By the time the music shifts— fiddles taking on a sprightly lilt, flutes piping in a reel that turns every head toward the green— the lanterns have begun to glow with evening’s deeper gold.

The dancing begins in a clatter of feet and laughter. Circles form, hands are caught, and the joy of it all is as heady as the cider.

Merry hesitates for only a moment before turning to her.

“Would you…” he starts, then clears his throat. “Would you like to dance?”

Éowyn meets his eyes.

She doesn’t tease. Doesn’t ask if he means as friends.

She smiles.

“Yes,” she says and takes his hand.

 

The fireworks leave the sky painted in echoes. Smudges of smoke and color lingering like dreams just out of reach. The laughter and music drift away behind them as Merry walks Éowyn back through the quiet corridors of Brandy Hall, the warm hush of night settling between them.

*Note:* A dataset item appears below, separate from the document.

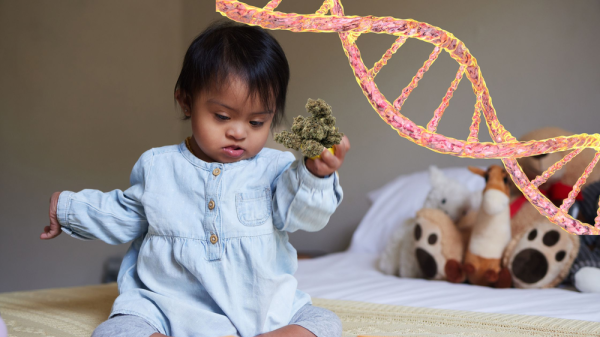 photo of Hidden Consequences: How Maternal Cannabis Use Can Alter a Baby's Genes image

Neither says much. They don’t need to. Their steps fall in an easy rhythm, her hand brushing his arm now and then like it belongs there. Merry’s still a little dazed from the dancing, from the cider, from her.

They stop at her door. The hall is dim and still, save for the distant crackle of the last firework being launched into the stars.

“Well,” Merry says, and clears his throat because suddenly he’s forgotten what words are supposed to do. “Thank you. For coming with me. To the festival.”

Éowyn nods, soft-eyed. “Thank you for inviting me.”

There’s a pause. He thinks she might say goodnight.

But instead, she leans down and kisses him.

Just a brief, warm press of her lips against his— gentle, certain, with the faintest smile still tucked inside it. She pulls back before he can do anything more foolish than stand there and melt into the floor.

“Goodnight, Meriadoc,” she says, her voice quiet but sure.

Then she steps into her room and closes the door with a soft click.

Merry stands frozen outside it, blinking like he’s just taken a firework to the chest.

And then, slowly, one hand comes up to touch his mouth.

He thinks of Mrs. Goodbarrel. The duck handkerchief. The endless parade of hopeful glances and overly informative introductions.

Right.

He’s going to need a sign. A banner. Possibly a town crier.

Because whether Éowyn knows it or not— he’s absolutely, irrevocably taken.

Notes:

I started working on this over a year ago and never finished it, despite it being well over halfway done. So here it finally is!